Ghosts of quasars found by the Hubble Space Telescope

Images of eight galaxies containing green filaments that are the last effect of ancient quasars (Image NASA, ESA, and W. Keel (University of Alabama, Tuscaloosa))
Images of eight galaxies containing green filaments that are the last effect of ancient quasars (Image NASA, ESA, and W. Keel (University of Alabama, Tuscaloosa))

The Hubble Space Telescope photographed a series of ghosts of quasars that existed in the past. They are seen as ethereal green objects in various forms and are the last effects of ancient quasars. These phenomena are very interesting from a scientific standpoint because they can provide information about the past of those galaxies, which were once very active.

In the galaxies identified by the Hubble Space Telescope, in the past there was a quasar, a very active core in which materials were attracted by the supermassive black hole at its center and were heated so much as to create a very bright disk. Quasars are typical of young galaxies because there are many clouds of dust and gas that can be drawn by the supermassive black hole. When those materials are consumed the quasar fades away.

In certain cases, a quasar can leave a kind of ghost making filaments in deep space glow due to a process called photoionization. Elements such as oxygen, helium, nitrogen, sulfur and neon contained in the filaments absorb the light from quasars and release it at a relatively slow pace. We’re talking about astronomical times so the emissions continue for thousands of years.

The emerald green hue is a typical emission of ionized oxygen. These structures are so far from the core of their galaxies that it took tens of thousands of years for the light from quasars to reach them. This is another reason why they keep on glowing so long after the quasar exhausted.

This type of filaments was discovered for the first time in 2007 during the online project Galaxy Zoo. It’s an example of crowdsourcing in which the public was asked to collaborate in the classification of more than a million galaxies catalogued in the Sloan Digital Sky Survey (SDSS).

The Dutch schoolteacher Hanny van Arkel discovered green filaments near the galaxy known as IC 2497. The strange formation was named after her Hanny’s Voorwerp, the Dutch for Hanny’s object. It raised the interest of astronomers, particularly Bill Keel of the University of Alabama, Tuscaloosa, who started searching for others.

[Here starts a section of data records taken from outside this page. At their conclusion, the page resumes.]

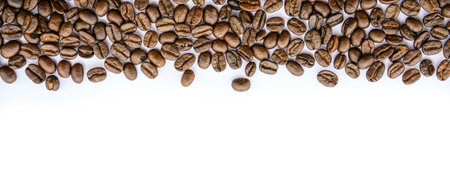 Coffee beans isolated on white background with copy space for your text.の写真素材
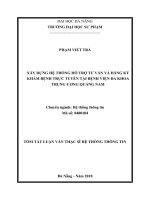XÂY DỰNG HỆ THÓNG HỖ TRỢ TƯ VẤN VÀ ĐĂNG KÝ KHÁM BỆNH TRỰC TUYỂN TẠI BỆNH VIỆN ĐA KHOA TRUNG ƯƠNG QUẢNG NAM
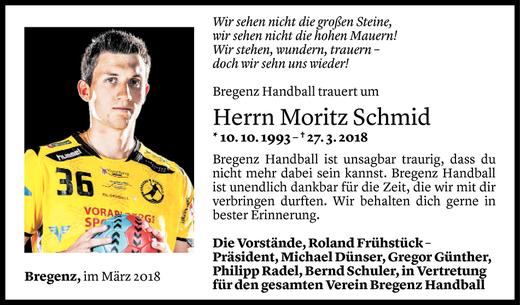 Todesanzeige von Moritz Schmid von Vorarlberger Nachrichten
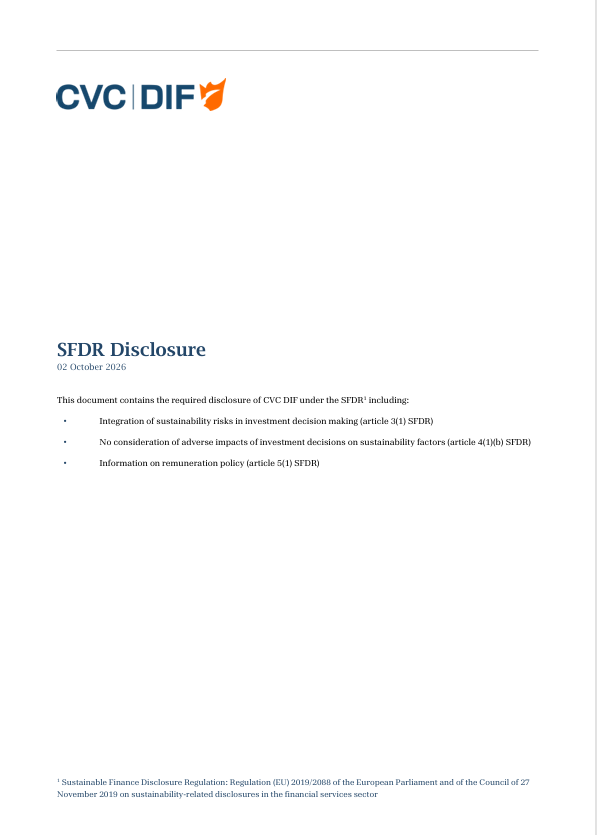 SFDR Disclosure 2026
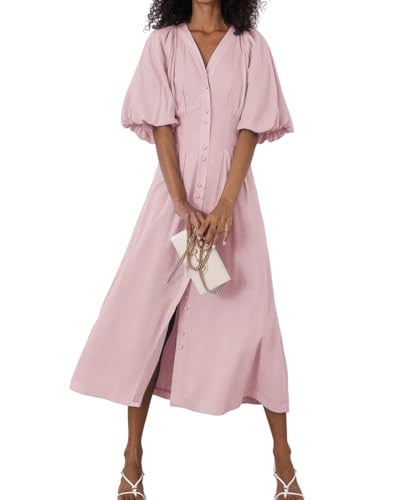 chouyatou Women Summer Puff Sleeve Button Down Shirt Dress Flowy Elegant Business Casual Midi Long Dress (Medium, Pink)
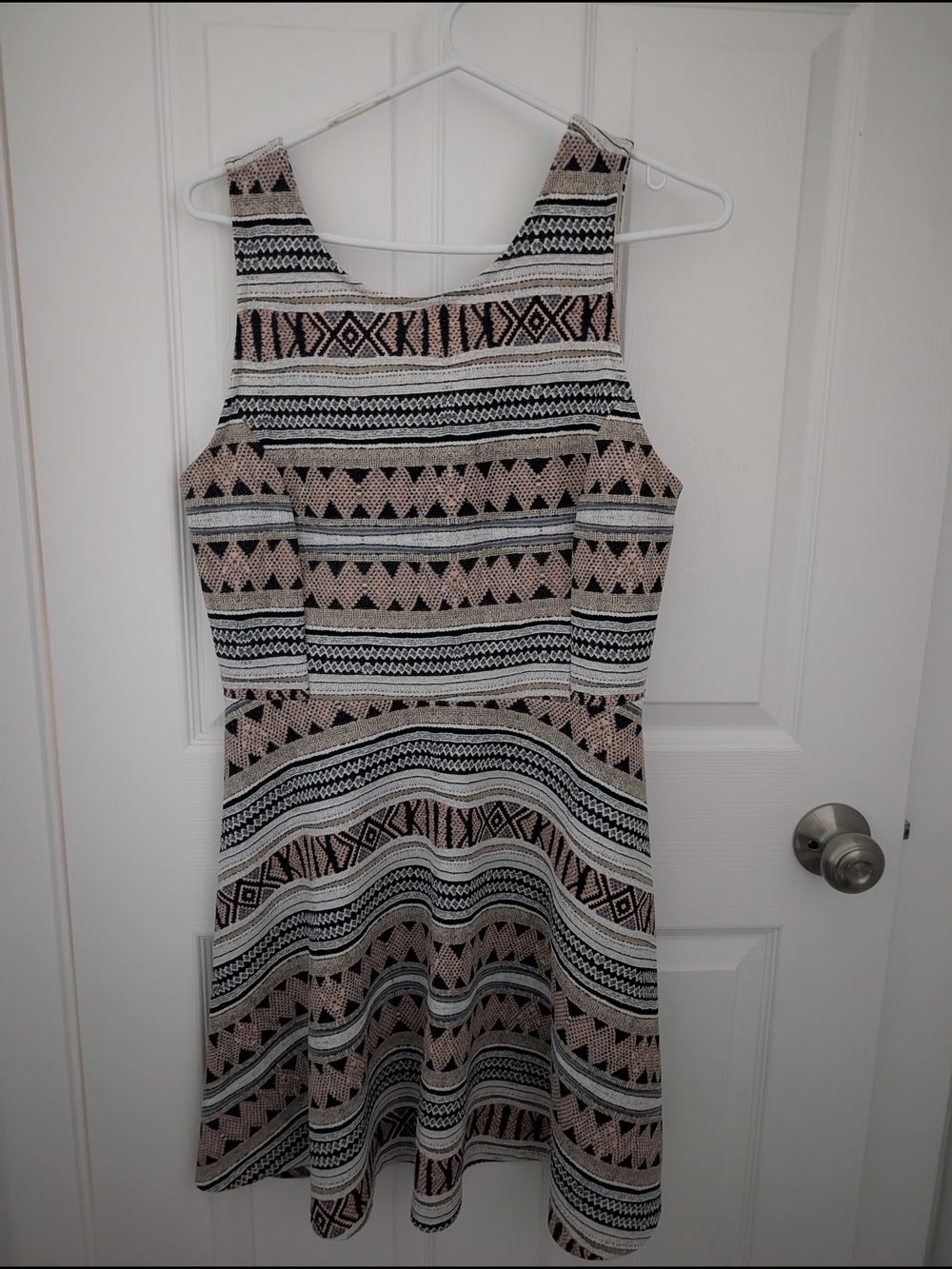 Eclipse Geometric Pattern Sleeveless Skater Dress Size L Pink Black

Using various telescopes, 20 galaxies were found with ionized gas from quasars. Eight of these gas clouds showed to contain more energy than expected. In Bill Keel’s opinion, it’s possible that it was originated by two massive blacks holes orbiting each other in the galaxy core. This can happen after two galaxies merge.

If this theory is right, in a few billion years, green filaments might also glow in the giant galaxy that will result from the merger between the Milky Way and Andromeda.